■ EXERCISE OBJECTIVE ■
What is needed is an exact transcription of every entry below, with the pictures left out.

■ MATERIAL SUPPLIED ■
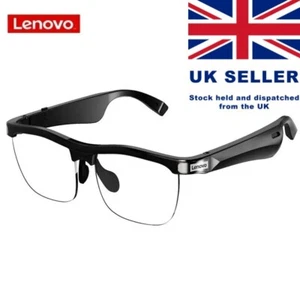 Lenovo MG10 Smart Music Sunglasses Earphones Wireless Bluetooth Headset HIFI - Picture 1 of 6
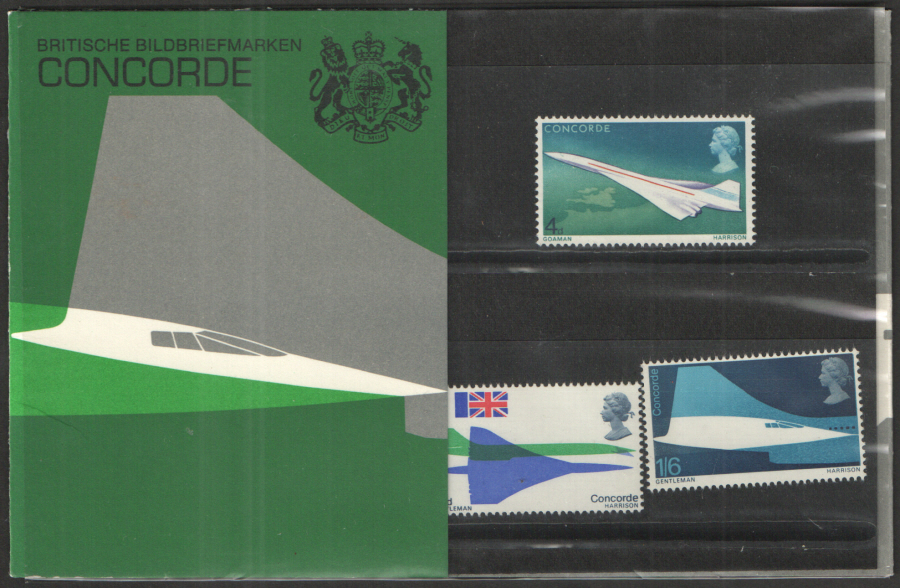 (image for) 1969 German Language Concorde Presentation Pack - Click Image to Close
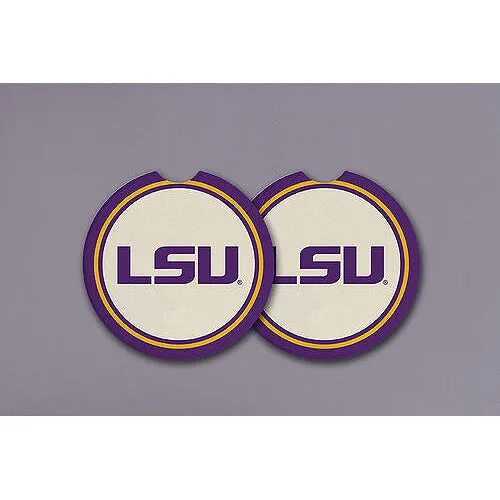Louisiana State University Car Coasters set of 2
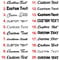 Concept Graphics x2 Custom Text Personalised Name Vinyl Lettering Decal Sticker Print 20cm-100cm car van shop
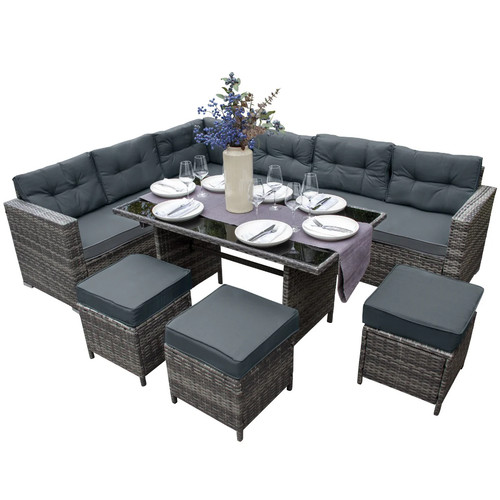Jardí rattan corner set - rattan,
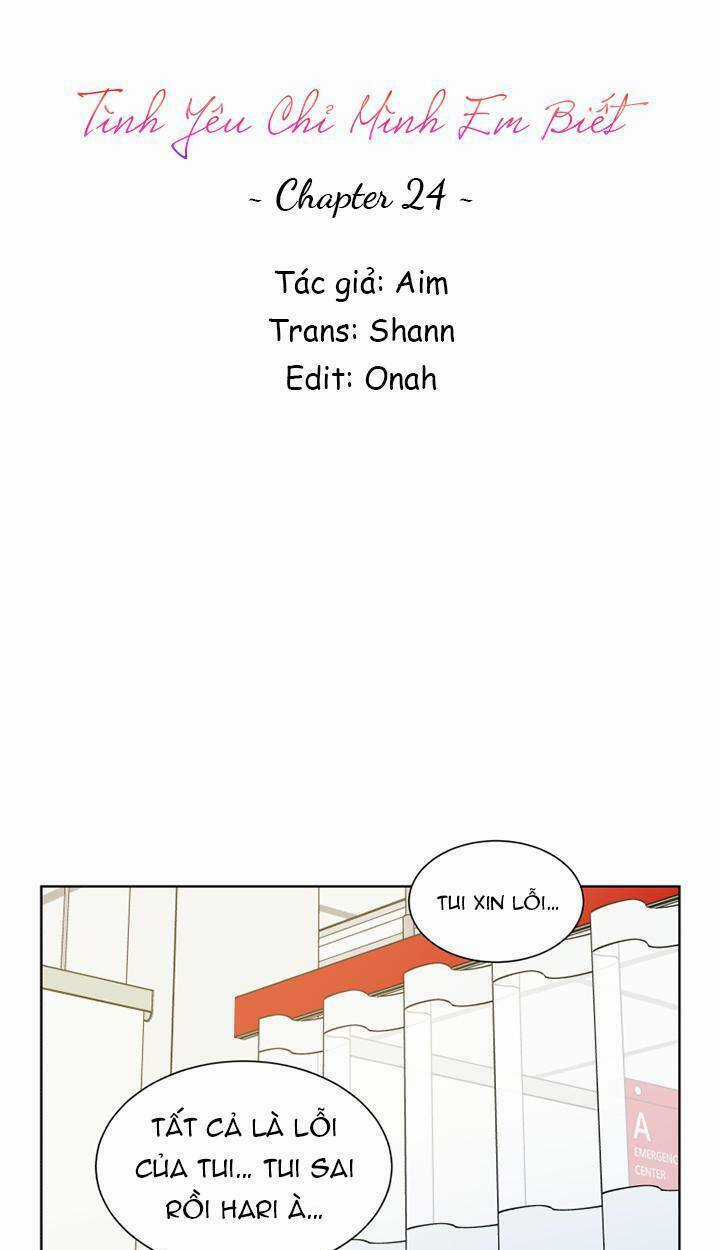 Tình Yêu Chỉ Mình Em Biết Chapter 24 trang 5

■ WORKED SOLUTION ■
 Lenovo MG10 Smart Music Sunglasses Earphones Wireless Bluetooth Headset HIFI - Picture 1 of 6
 (image for) 1969 German Language Concorde Presentation Pack - Click Image to Close
Louisiana State University Car Coasters set of 2
 Concept Graphics x2 Custom Text Personalised Name Vinyl Lettering Decal Sticker Print 20cm-100cm car van shop
Jardí rattan corner set - rattan,
 Tình Yêu Chỉ Mình Em Biết Chapter 24 trang 5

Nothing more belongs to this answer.